White Bound: Nationalists, Antiracists, and the Shared Meanings of Race

I attended a lecture called “White Bound: Nationalists, Antiracists, and the Shared Meanings of Race”. The lecturer was Matthew W. Hughey, a sociologist, and associate professor at the University of Connecticut. His research has led him to write several books and main focus is on studying whiteness. As a white male, I dislike attending these lectures due to the fact that I’m ostracized and put into categories like Hughey provided. Hughey literally hand-picked samples from his months of research to examine how a white nationalist group and a white antiracist group have a lot more similarities than what meet the eye. He also provides 3-4 categories that he put white people into that eventually the outcome is different forms of racism. I understand that this was just a lecture as well as a brief summary of his research, but his arrogant attitude leads to the conclusion white people are all racist indefinitely. I just was curious since he is white, what category did he fall into? Oh wait, when asked that question he twisted it and never really answered it but gave excuses like the white antiracist group did. So, was he racist?

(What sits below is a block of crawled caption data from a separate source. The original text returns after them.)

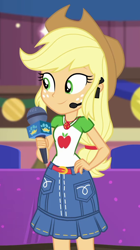 Size: 564x1004 | Tagged: safe, screencap, character:applejack, episode:best in show: the victory lap, g4, my little pony:equestria girls, applejack's hat, clothing, cowboy hat, cropped, geode of super strength, hat, headset, magical geodes, microphone
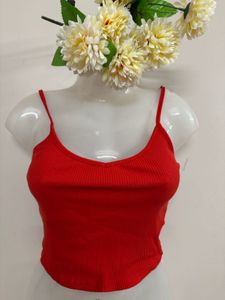 Ribbed Red Top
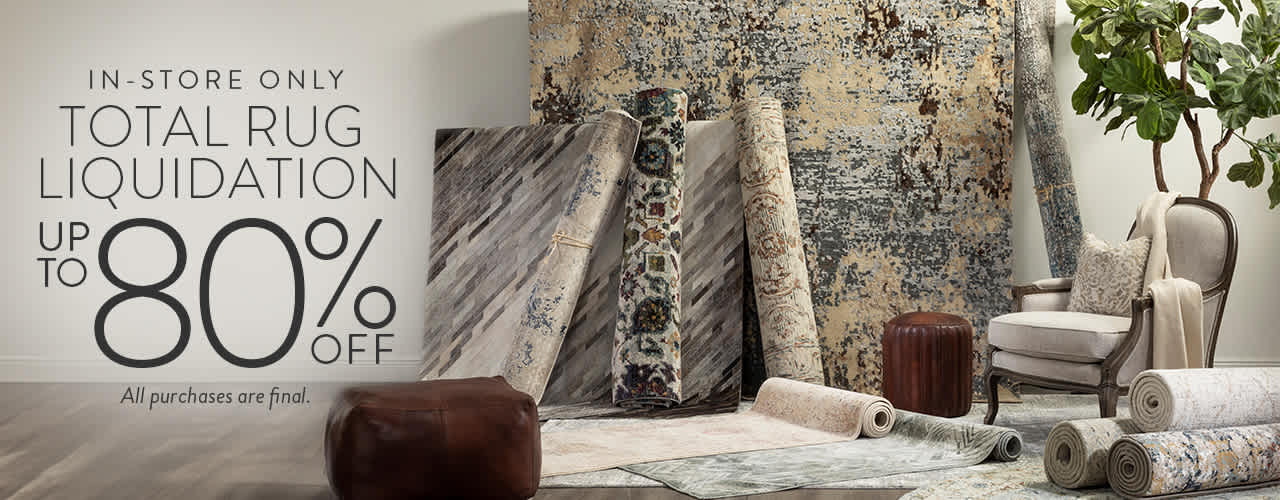 Rugs up to 80% off in-store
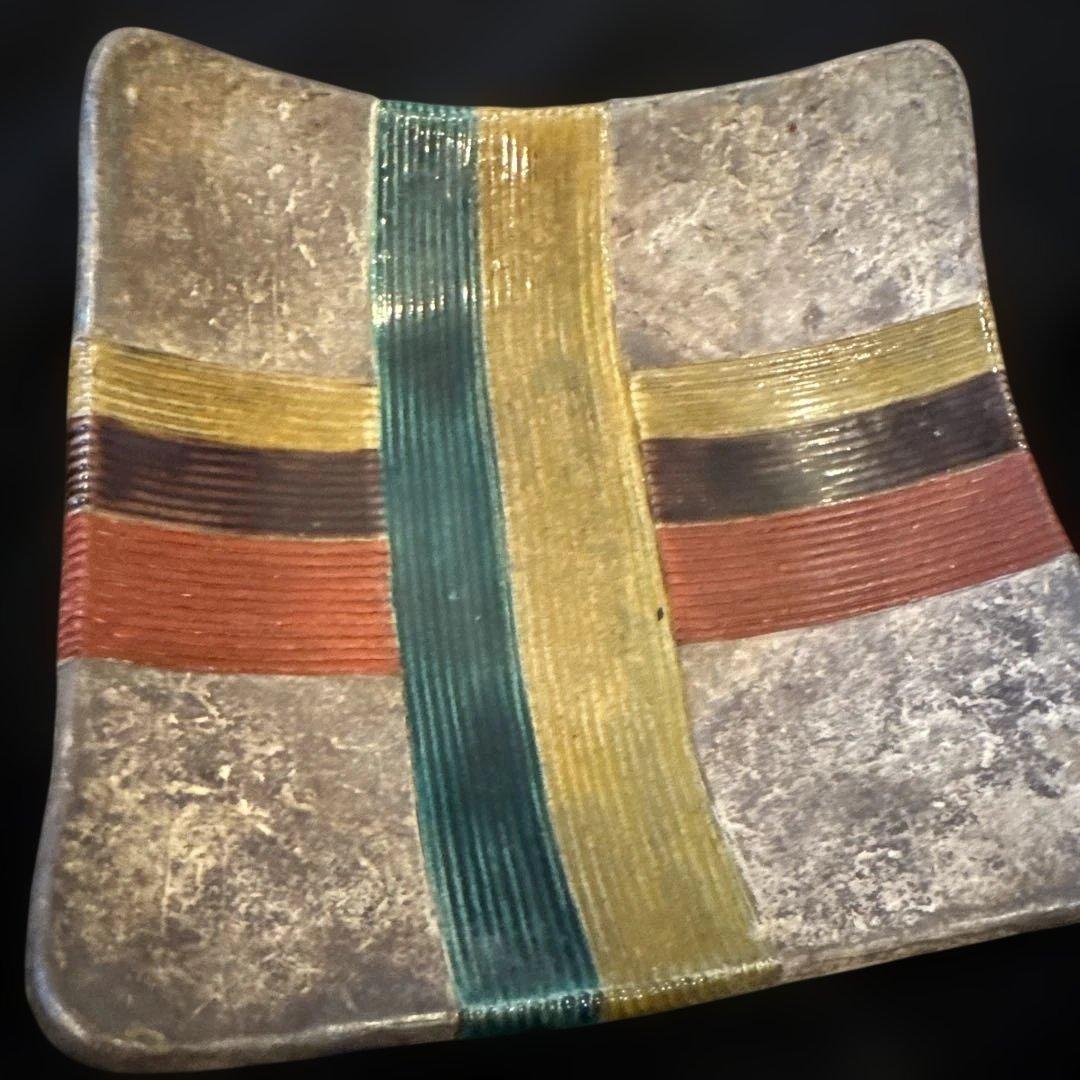 希少美品　魯山人写 美食道楽 和食器揃え 祥山 色絵銀彩糸巻文四方皿5枚セット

This lecture pertains to the class in the following ways: learning about groups from different sides of the spectrum within the white community and their attitudes towards people of color. The class has talked about at certain points of white people’s role in the movement, and this lecture gave certain insight of possible views certain groups had.

Education and the Civil Rights Movement

Throughout all the essays we have read in class there is one thing that almost always comes to my mind and that is how our education system teaches the Civil Rights Movement versus what really happened in the movement. In my experiences, the Civil Rights movement was something that was always brought up at least once a year in a history class throughout middle school and high school. Despite the movement being discussed many times, the way it is discussed is very different than what we have learned in this class and from the essays we have read. Many people have the perception that the movement was solely about racism and that the movement ended quickly. I believe they have this idea because of the way the movement is taught in schools. These topics obviously have been discussed frequently throughout class so we know these things are not true but in my opinion, the civil rights movement is something that everyone should have an in-depth knowledge of and is something that needs to be focused on more at the middle and high school levels.

In my experience, discussing the movement at the high school level was just simply going over the major names involved with the movement like Rosa Parks and Martin Luther King. Up until this class I had very little knowledge about the movement at a local level because we only focused on the major names. I also didn’t realize how much more the movement was about then just racism. After just being in this class for a few weeks it became apparent to me that the education system had kind of “failed me” in a way. I didn’t know this information because it was never taught. In order for people to have a better understanding of the movement and a better appreciation for it, we need to change the way the movement is taught in our schools. Instead of talking about the big names, schools should focus on the local movement and what all the movement was actually fighting for.

I can’t help but wonder, especially after today’s discussion about if reading more essays like The Long Civil Rights Movement and the Political Uses of the Past would have affected the election, how differently recent events would have unfolded if our students were taught the Civil Rights movement in a more in-depth way.